I have the following series of reals: $$ \sum_{j=0}^\infty\sum_{l=0}^\infty \frac{\Gamma\left(m+j+l+\frac12\right) x^j y^{j+l}}{j!l!(k+j+l)!\Gamma(m+j+\frac12) }, $$ Here $k$ is a positive integer and $m$ is a nonnegative integer. (I am most interested in the case where $k=1$ and $m=0,1$, but would ideally love to know for the general case.)
I can show that my series converges for $x$ and $y$ that I need for my case, but $x$ and $y$ can both be greater than 1.
I think that my series reduces to
$$
\frac1{(k-1)!} \sum_{j=0}^\infty\sum_{l=0}^\infty \frac{ \left(m+\frac12\right)_{j+l} x^j y^{l+j}}{j!l!(k)_{j+l}\left(m+\frac12\right)_j},
$$
where $(a)_n$ is the Pochhammer symbol, as per https://mathworld.wolfram.com/PochhammerSymbol.html
Assuming that my reduction above is correct, this appears to be the Kampé de Fériet function in two variables from
https://en.wikipedia.org/wiki/Kamp%C3%A9_de_F%C3%A9riet_function
I had never heard of this function before, and I was wondering how to compute it while avoiding calculating the series and sums.

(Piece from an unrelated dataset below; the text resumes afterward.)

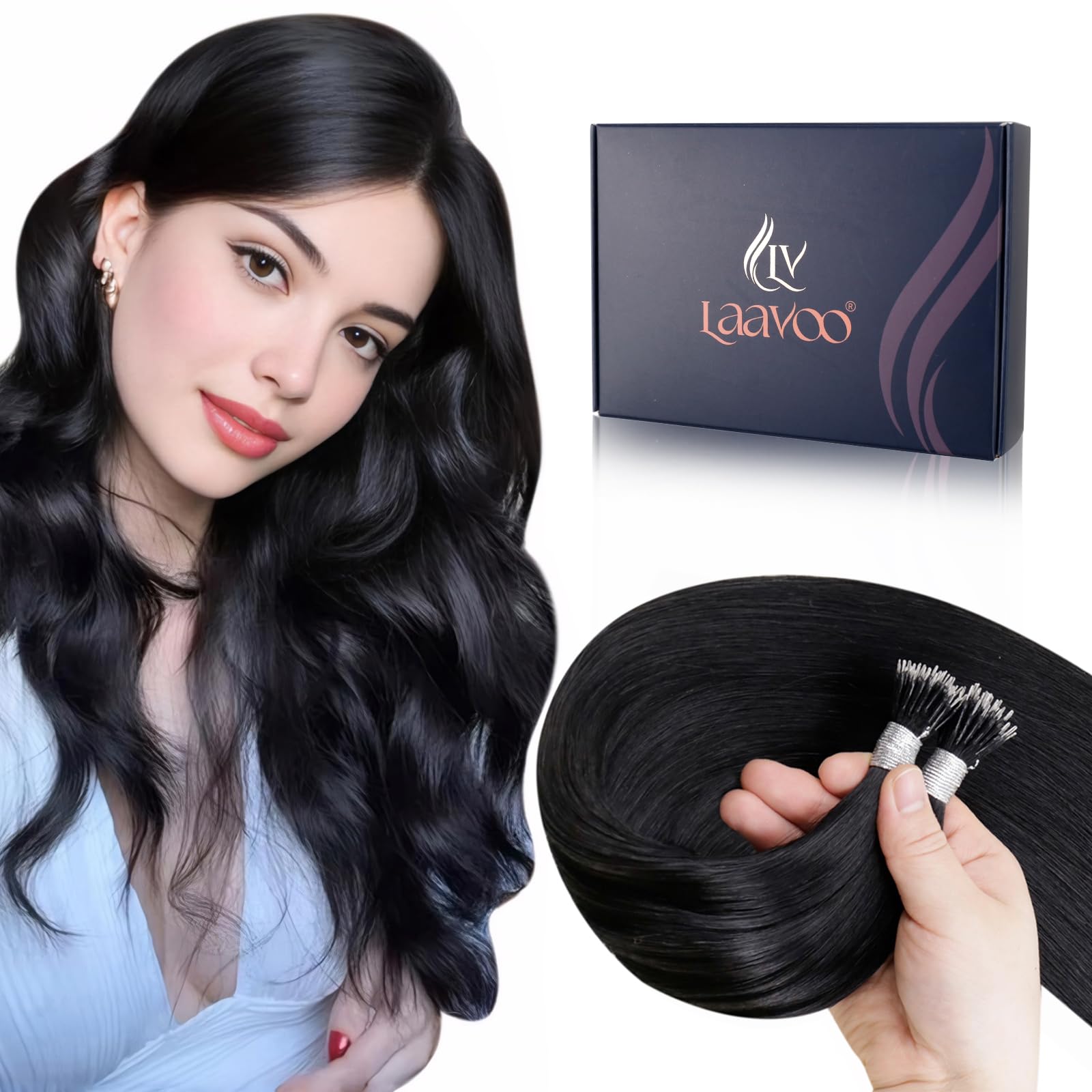 LaaVoo Nano Hair Extensions Real Human Hair Black Nano Beads Hair Extensions 18 Inch Natural Black Invisible Nano Ring Straight Remy Hair 50g 50s #1 — image 1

A similar question was asked at How to calculate the Kampé de Fériet function? where the solution seems to be in terms of $x=y$ (and in particular equal to 1). I am looking for an expression on how to calculate or reduce it for $x$ and $y$ both being distinct.
Thanks in advance for any suggestions or approaches!